Exercise inputs:
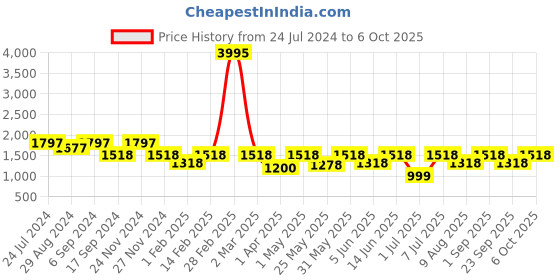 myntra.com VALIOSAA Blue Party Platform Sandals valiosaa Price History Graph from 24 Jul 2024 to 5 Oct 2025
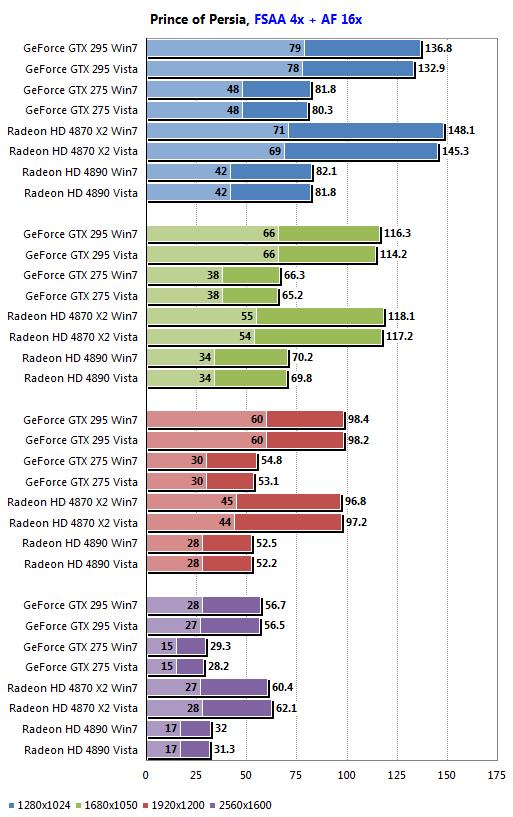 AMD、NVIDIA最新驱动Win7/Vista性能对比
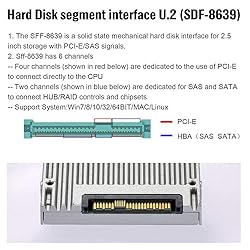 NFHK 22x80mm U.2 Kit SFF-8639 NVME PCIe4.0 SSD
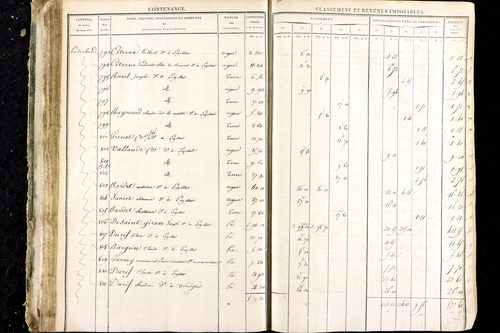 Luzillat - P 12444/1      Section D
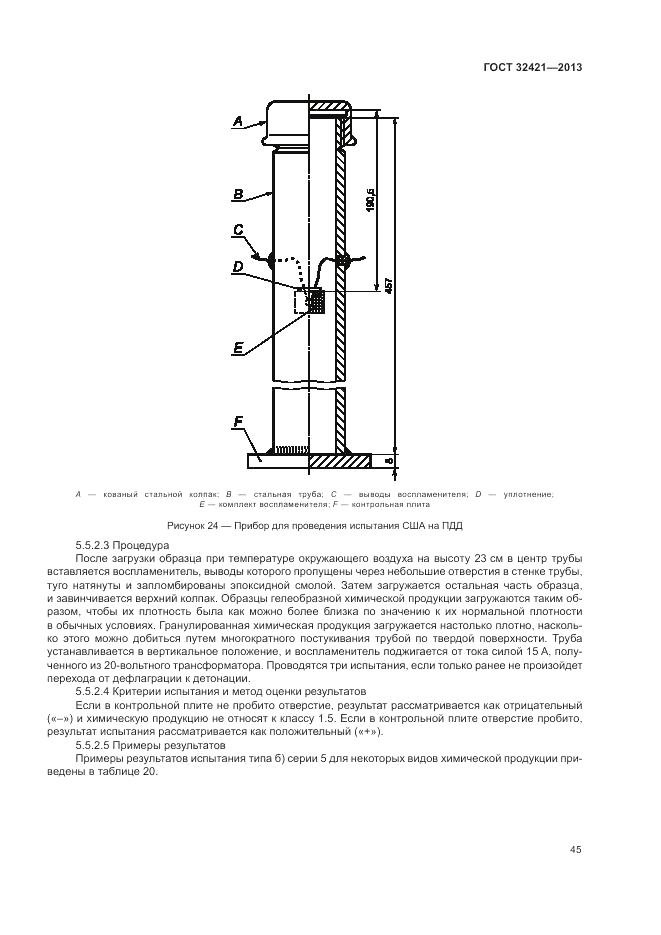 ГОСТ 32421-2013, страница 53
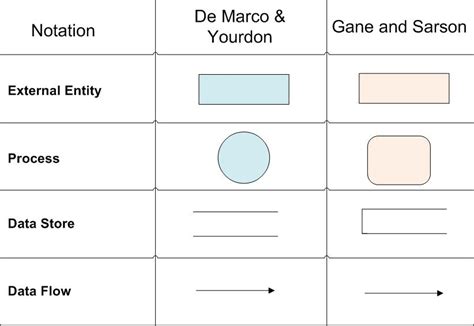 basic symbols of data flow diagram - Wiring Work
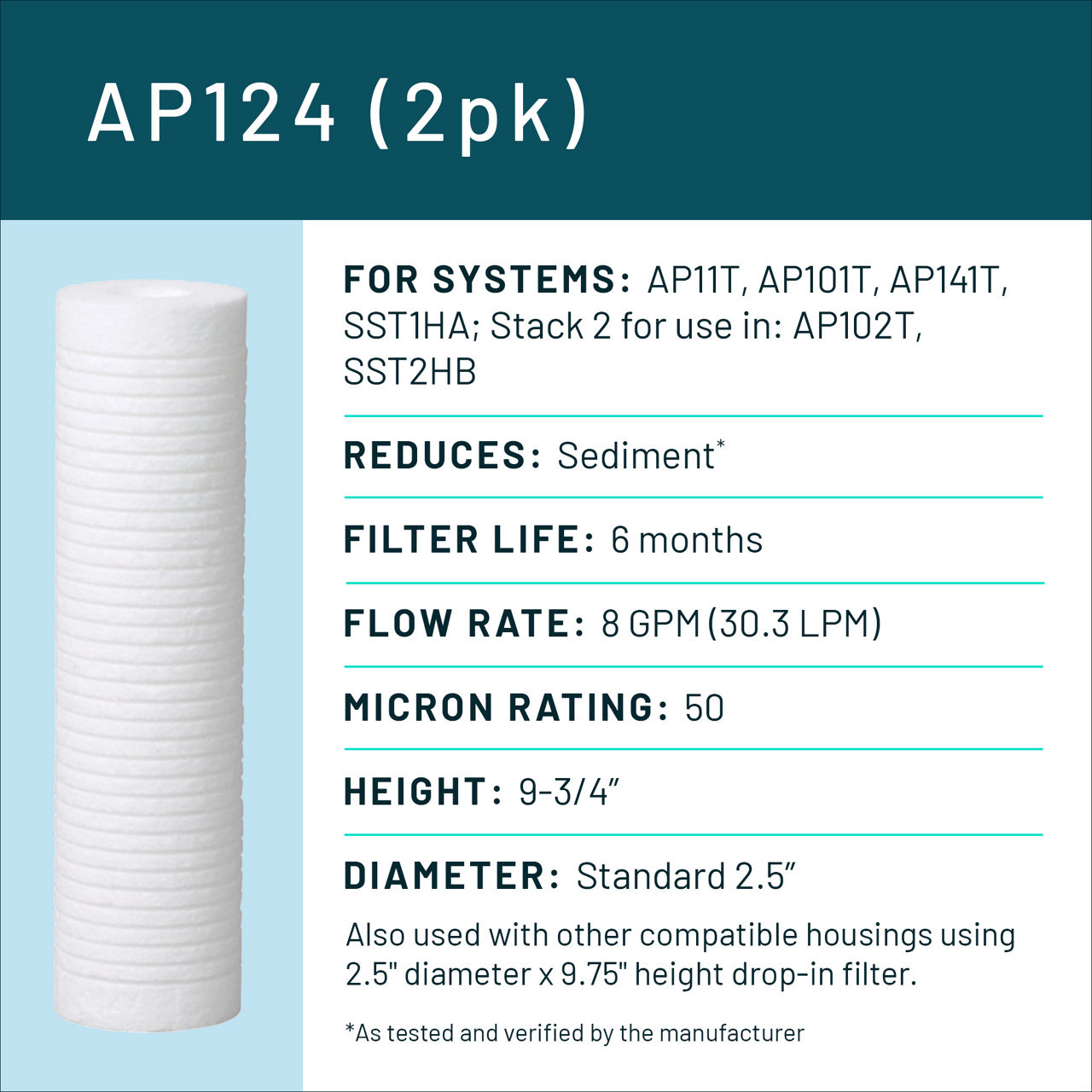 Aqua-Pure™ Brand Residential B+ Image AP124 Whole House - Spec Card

What you are asked to do: Output the line containing "Luzillat - P" along with every line after it to the end of the material, exactly as written, but without pictures.

Solution to the problem:
 Luzillat - P 12444/1      Section D
 ГОСТ 32421-2013, страница 53
 basic symbols of data flow diagram - Wiring Work
 Aqua-Pure™ Brand Residential B+ Image AP124 Whole House - Spec Card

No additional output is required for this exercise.